- THE PROBLEM
Look below for the line that has "Compact 18'' Floating". Set down the lines from there through the line that has "Giày Mary Jane", exactly as written.

- RECORDED DATA
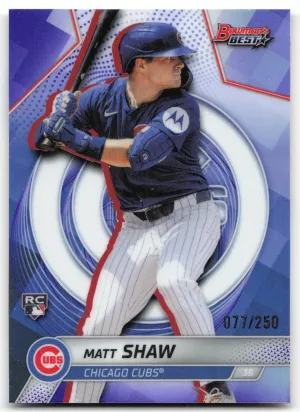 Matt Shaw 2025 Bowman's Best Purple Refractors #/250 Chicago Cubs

==

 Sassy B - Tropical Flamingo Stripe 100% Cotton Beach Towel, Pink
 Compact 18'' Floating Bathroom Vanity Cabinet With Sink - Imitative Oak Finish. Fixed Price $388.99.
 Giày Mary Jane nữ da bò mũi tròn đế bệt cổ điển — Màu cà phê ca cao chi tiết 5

...

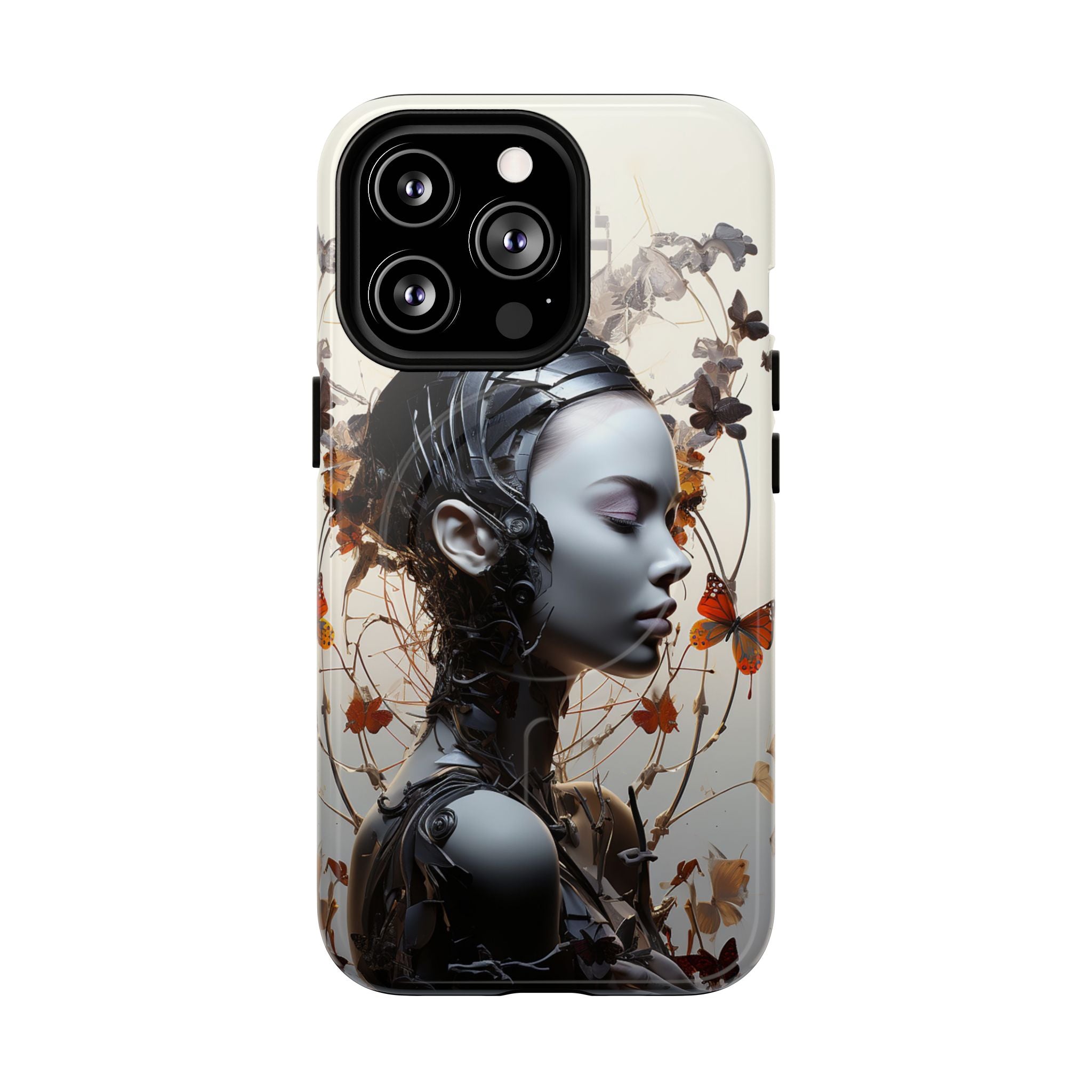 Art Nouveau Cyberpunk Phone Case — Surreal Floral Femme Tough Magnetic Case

- SOLUTION TO THIS TASK
 Compact 18'' Floating Bathroom Vanity Cabinet With Sink - Imitative Oak Finish. Fixed Price $388.99.
 Giày Mary Jane nữ da bò mũi tròn đế bệt cổ điển — Màu cà phê ca cao chi tiết 5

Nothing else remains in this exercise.